Please enlighten us all...
In order to be valid, a community design must be new, and of individual character. Novelty means that no identical design (different only in immaterial details) has been made available before the effective priority date of the filing.
A design has individual character if the overall impression it creates on the informed user is different from any other design that has been made available to the public.
When it comes to registration, there is no substantive examination to determine whether the design registration is valid. Examination is only for formalities like checking that the application form has been filled in properly. It's open to companies to check out what designs have been registered, and then they can apply to invalidate at any time.

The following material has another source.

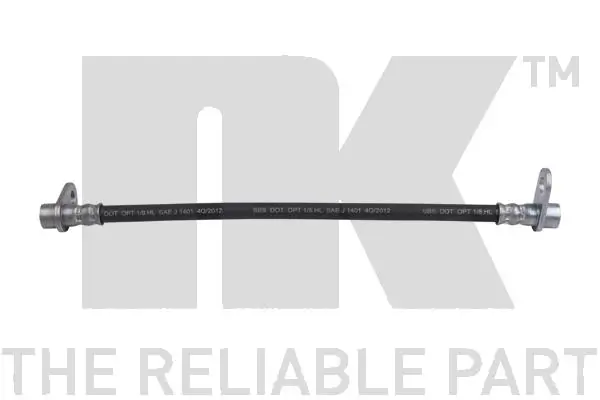 Flexible de frein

For the purpose of a community design, disclosure is not deemed to have taken place if it could not reasonably have become known to the circles specialising in the sector concerned within the community. This limits the effect of very obscure designs, but the sector concerned is that of the alleged prior art, so its effect is more limited than it might at first appear.
A community design is infringed by any other design that creates the same overall impression on the informed user. Questions of whether copying took place are not relevant - copying is not a requirement for infringement, nor is it sufficient to determine infringement.

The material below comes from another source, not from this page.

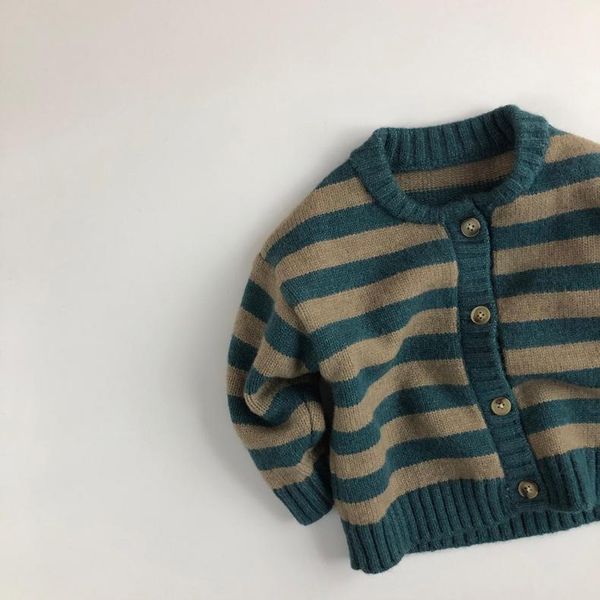 pullover baby girl sweater toddler cardigan cotton born boys sweaters knitted coat clothes, Blue
pullover baby girl sweater toddler cardigan cotton born boys sweaters knitted coat clothes, Blue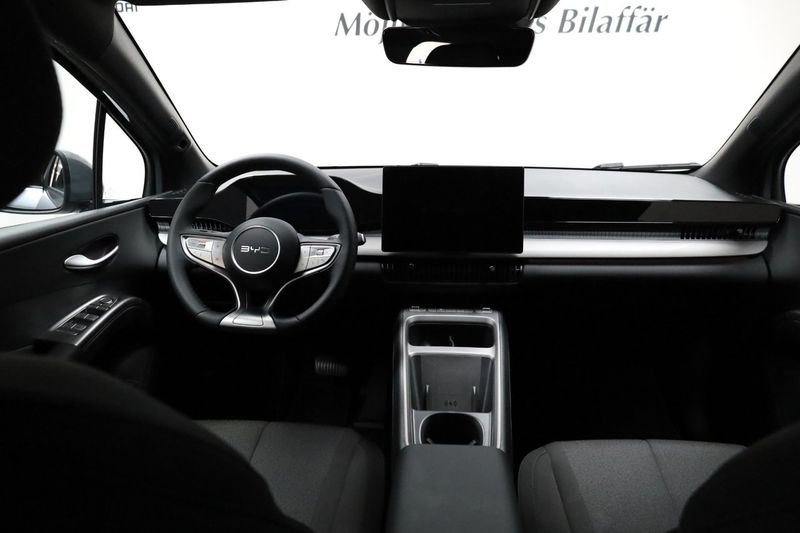 BYD Dolphin G bild 3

The scope of protection is not limited to a particular class or application, and is determined by the representation of the design as filed in the application. In the case of the Community Design Registration (CDR) that Apple used to get an injunction against Samsung, the scope of protection is not determined by considering whether a Galaxy tab creates the same impression as an iPad, but whether it creates the same impression as the design as shown in the representation filed. Since the Apple design representation is a line drawing, questions of colour and material are not relevant.
Features that are solely dictated by technical function are excluded from protection. This is interpreted in the sense of requiring that functionality is the only factor in the design of the feature (i.e. aesthetics being irrelevant).
In practice, recent cases before the UK community design courts appear to have shown that the bar is pretty high for infringement, and designs that were clearly "inspired" by striking designs which are protected by design registration have been held not to infringe. The informed user is not the average consumer, and to create the same overall impression is quite a high bar (see Dyson v Vax EWCA 2011 & EWHC 2010 for a recent example
http://www.bailii.org/ew/cases/EWCA/Civ/2011/1206.html www.bailii.org/ew/cases/EWHC/Patents/2010/1923.html)
I've not read up that carefully on the Apple v Samsung CDR dispute, but I understand that it has not reached judgement, but that an interim injunction has been sought and obtained. In the UK, this requires only that there is an arguable case, that damages are not an adequate remedy, and that the balance of convenience to the parties is in favour of granting the injunction (i.e. more or less that appears to be the most fair course of action).